----- Records for this exercise -----

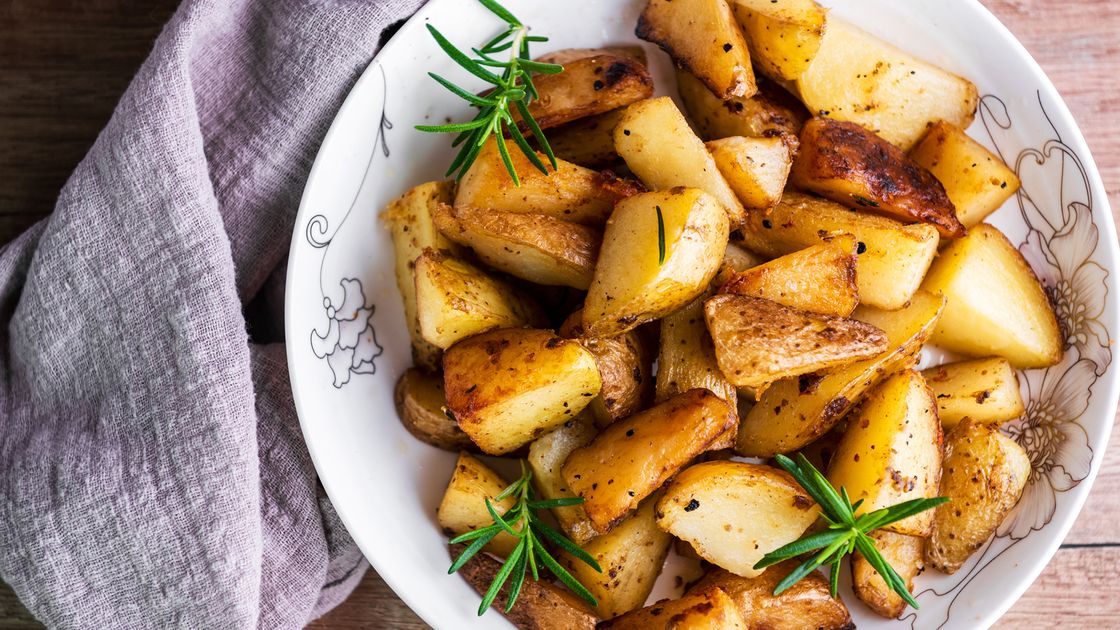 preview for How to cook roast potatoes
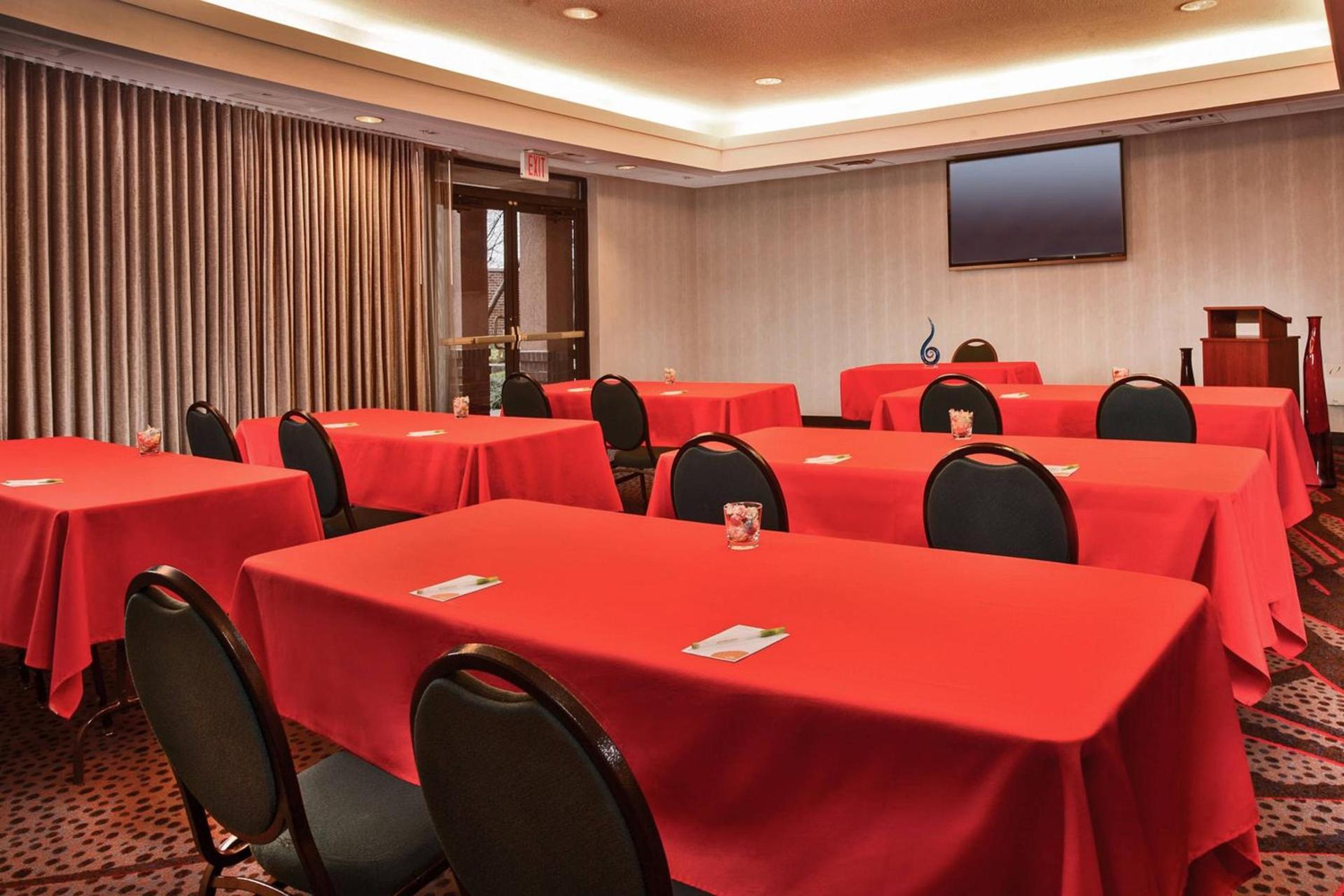 Courtyard by Marriott Dulles Town Center photo 31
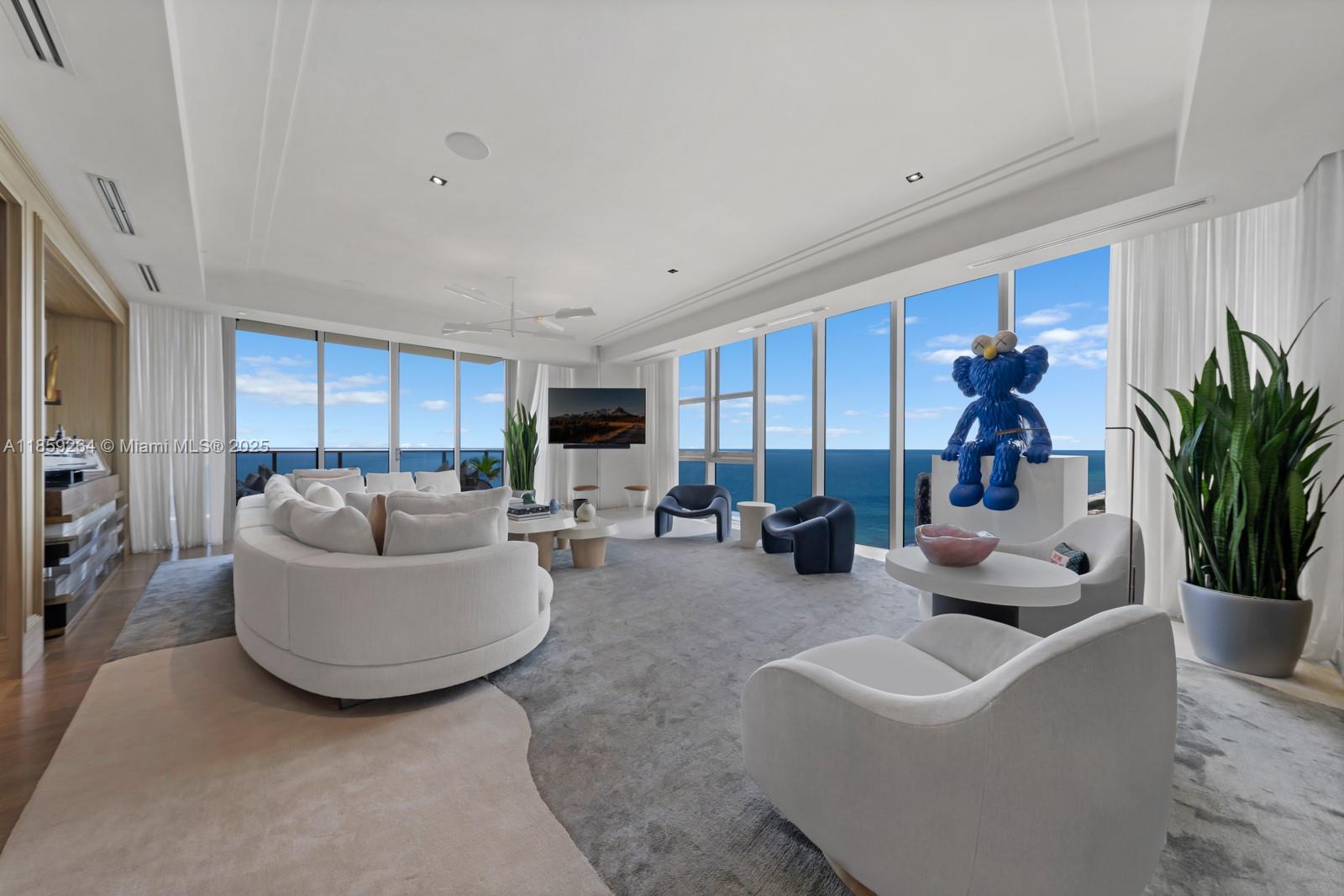 9701 Collins Ave #PH01S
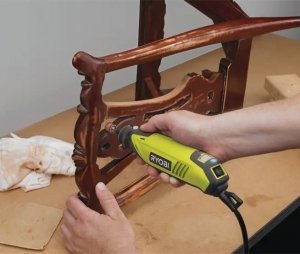 Szlifierka prosta z osprzętem EHT150V Ryobi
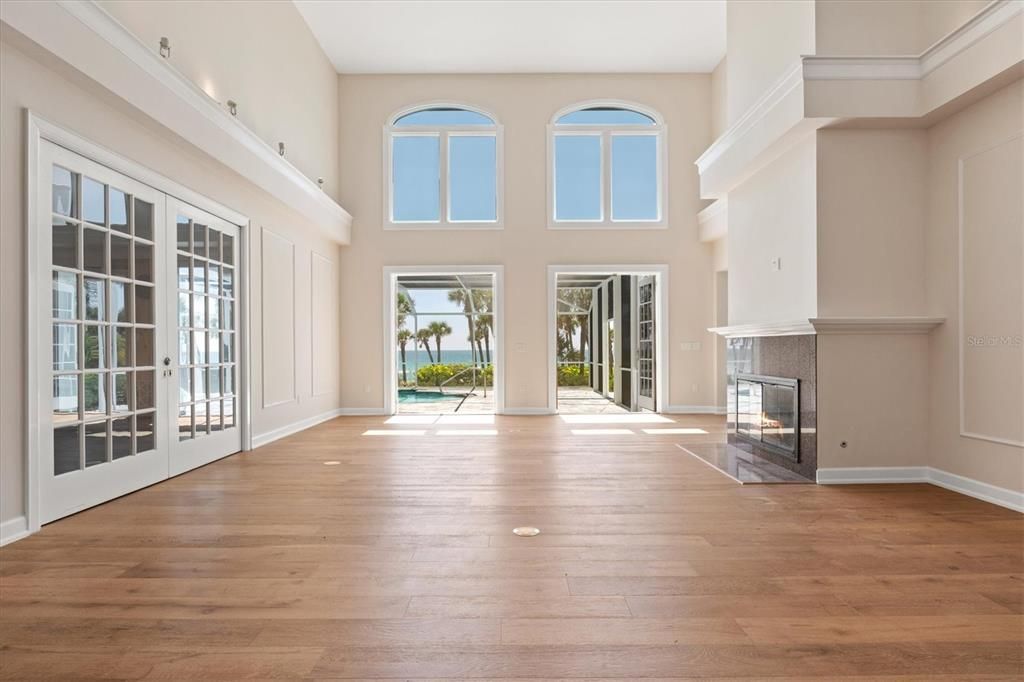 Recently Sold: $4,695,000 (4 beds, 5 baths, 5312 Square Feet)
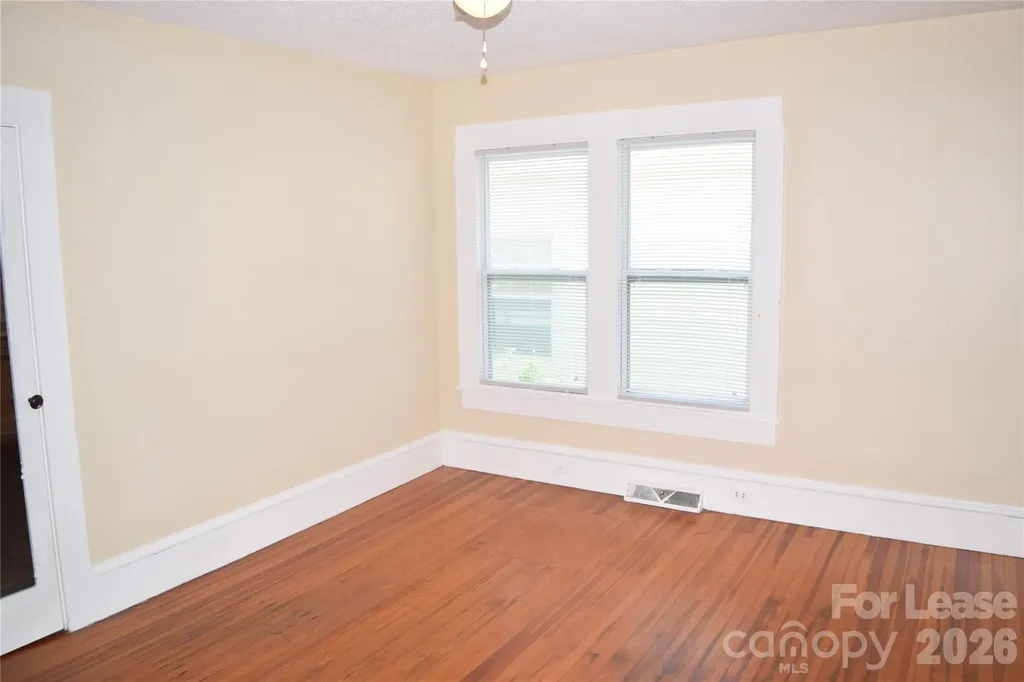 223 Maple Street Statesville NC 28677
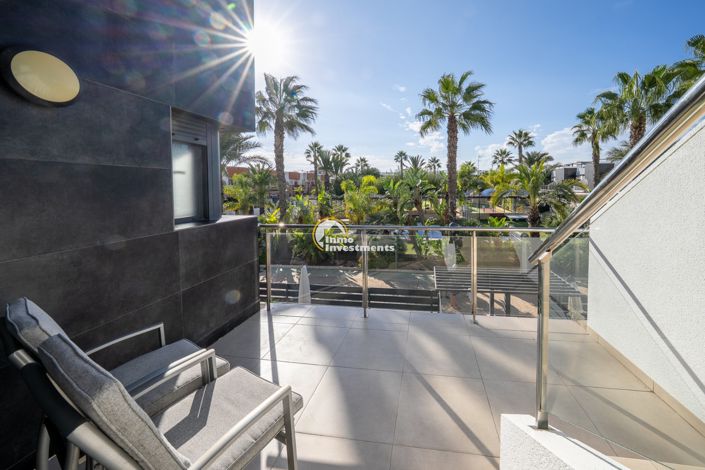 Image No.27-3 Bed Townhouse for sale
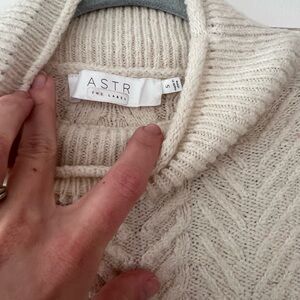 Astr Cream Cable-Knit mockneck Sweater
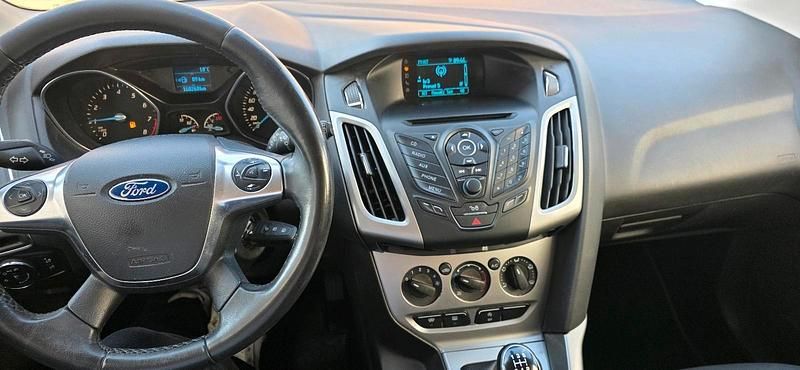 Usata Ford Focus 100 CV (73 kW) 2014 Bianco Station wagon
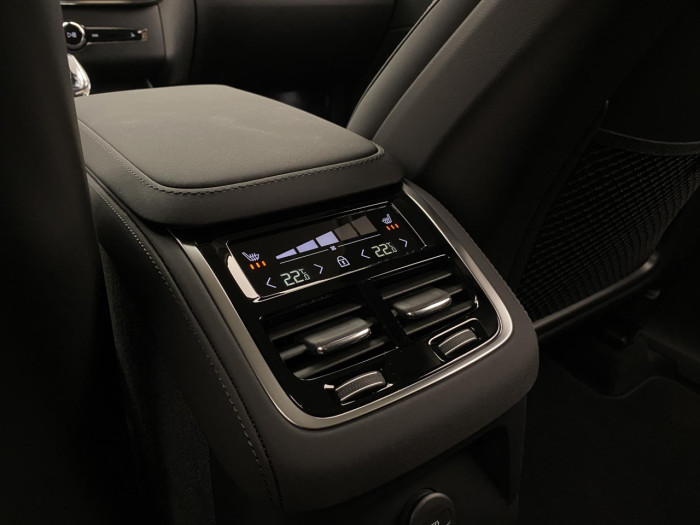 Volvo XC90 T8 AWD RECHARGE DARK PLUS 7m na operativní leasing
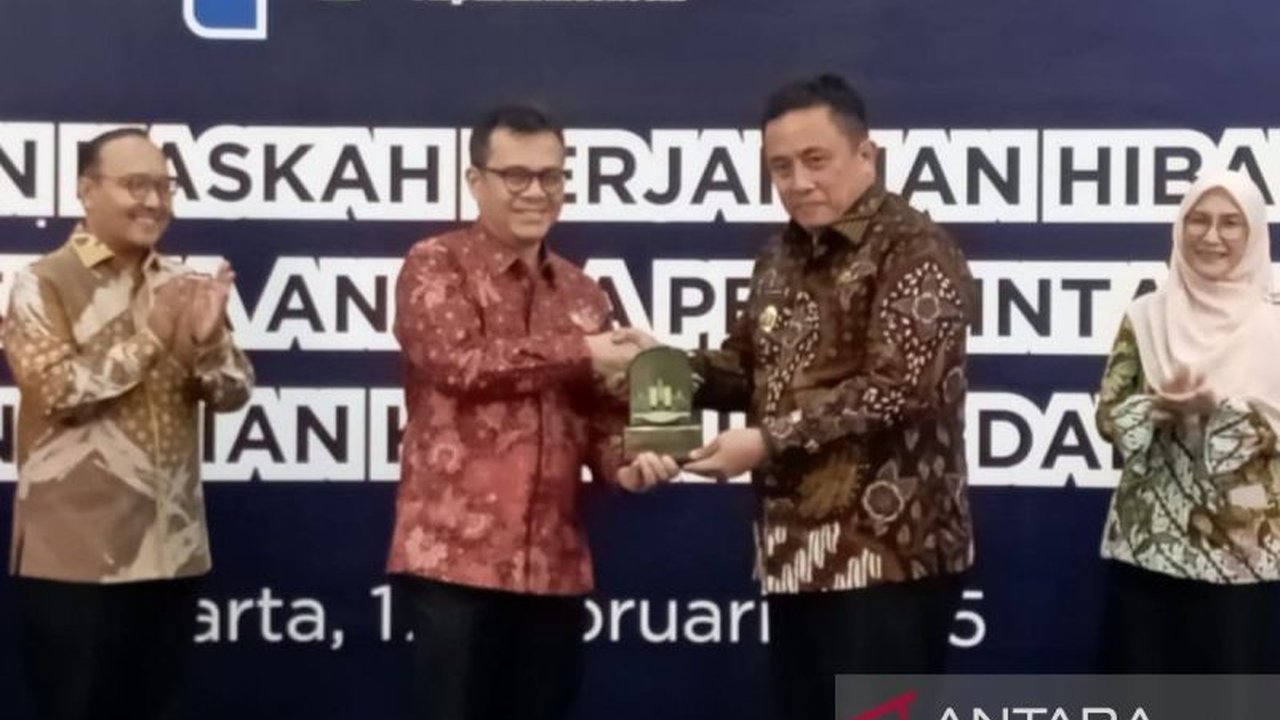 Kementerian Komunikasi dan Informatika (Kemkominfo) menerima hibah lahan 2,5 hektare dari Kabupaten Bekasi untuk pengembangan Balai Pelatihan dan Pengembangan Teknologi Informasi dan Komunikasi (BPPTIK) dan percepatan penciptaan talenta digital.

-----

Aim of the exercise: Give back exactly the lines from the opening of the listing through the line holding "Astr Cream Cable-Knit mockneck Sweater", both ends included, with every picture omitted.

Problem solution:
 preview for How to cook roast potatoes
 Courtyard by Marriott Dulles Town Center photo 31
 9701 Collins Ave #PH01S
 Szlifierka prosta z osprzętem EHT150V Ryobi
 Recently Sold: $4,695,000 (4 beds, 5 baths, 5312 Square Feet)
 223 Maple Street Statesville NC 28677
 Image No.27-3 Bed Townhouse for sale
 Astr Cream Cable-Knit mockneck Sweater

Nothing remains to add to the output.